##### Dataset records #####

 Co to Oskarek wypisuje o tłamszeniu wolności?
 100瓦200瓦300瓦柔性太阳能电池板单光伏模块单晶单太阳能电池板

#####
##### Dataset records #####

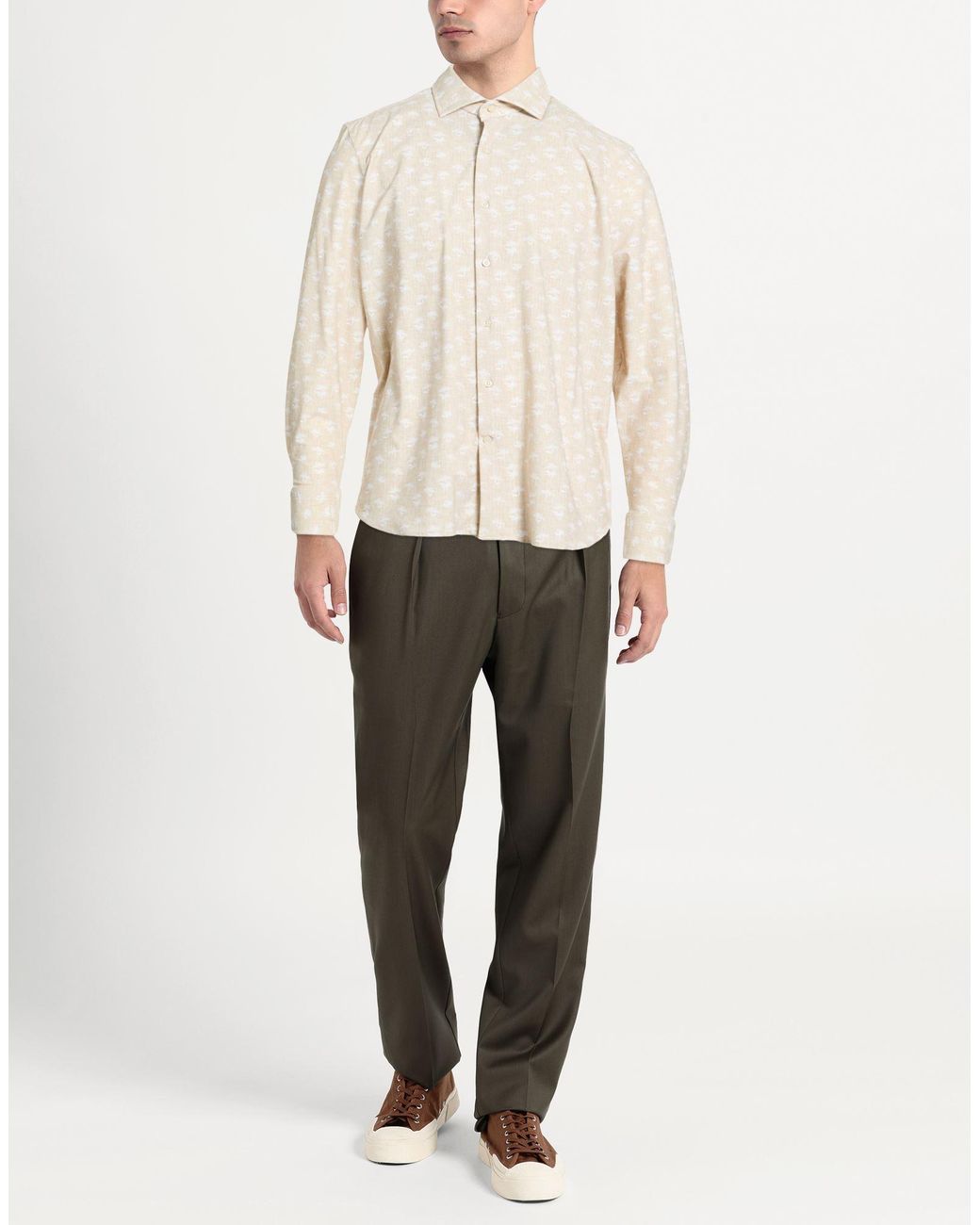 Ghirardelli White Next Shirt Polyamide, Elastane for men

#####

:: Exercise details ::
Transcribe each line of the data above, unaltered, from the one where "Co to Oskarek" appears to the one where "100瓦200瓦300瓦柔性太阳能电池板单光伏模块单晶单太阳能电池板" appears, inclusive of both.

:: Output below ::
 Co to Oskarek wypisuje o tłamszeniu wolności?
 100瓦200瓦300瓦柔性太阳能电池板单光伏模块单晶单太阳能电池板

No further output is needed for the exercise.